New study shows Nevisense evaluates skin barrier function with less sensitivity to lifestyle factors than TEWL


SciBase Holding AB (“SciBase”) (STO:SCIB), a leading developer of augmented intelligence-based solutions for skin disorders announced today the publication of the first direct comparison between electrical impedance spectroscopy (EIS) using Nevisense and trans-epidermal water loss (TEWL). The study demonstrates Nevisense as a more robust technique to assess skin barrier function than the commonly accepted TEWL measurement technique.

Skin barrier function has been implicated as a driving factor in many dermatological disorders, including Atopic Dermatitis (AD). AD is one of the most prevalent disorders in the world, affecting up to 20% of children globally. Additionally, skin barrier function is commonly assessed in the research and development of pharmaceutics and cosmetic products.
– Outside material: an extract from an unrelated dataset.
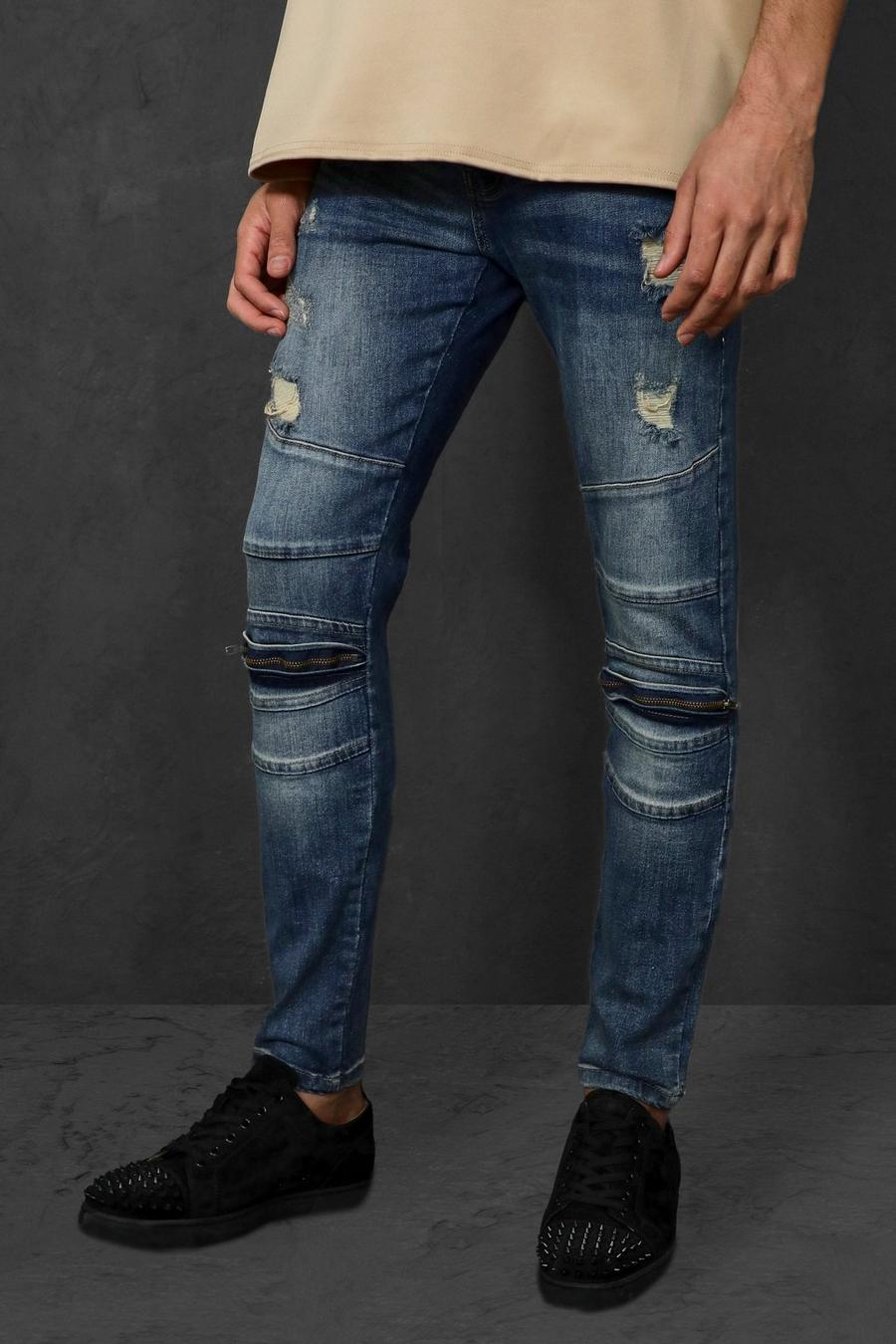 כחול עתיק סקיני ג'ינס אופנוענים סטרץ' עם רוכסן image number 1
The study was performed on healthy adults between 22 and 65 years of age and aimed at determining factors that influence the measurement results of both EIS and TEWL. The top-line results of the study indicated that:

  • TEWL measurements were influenced by physical activity, body cream application, skin washing, and caffeine intake.
  • EIS measurements were only influenced by body cream application and skin washing.
  • EIS was not influenced by physical activity or caffeine intake.
  • Both the abdomen and the volar forearm were identified as useful anatomical locations for EIS measurements.

The authors concluded that EIS (Nevisense) can assess skin barrier function with less sensitivity to confounding lifestyle factors than TEWL.

“For SciBase, these findings help to open up the cosmetic and pharmaceutical research markets for Nevisense, potentially as the new state-of-the-art tool for skin barrier assessment. This study strengthens the evidence that EIS is an established, robust technique for these researchers. We aim to provide the medical community with the best products possible in their research and management for dermatological disorders,” says Pia Renaudin CEO, SciBase.

The full results of the study have now been published in the scientific journal Annals of Dermatology and can be found here:

The study was carried out at Vrije Universiteit Brussel (VUB) in Belgium.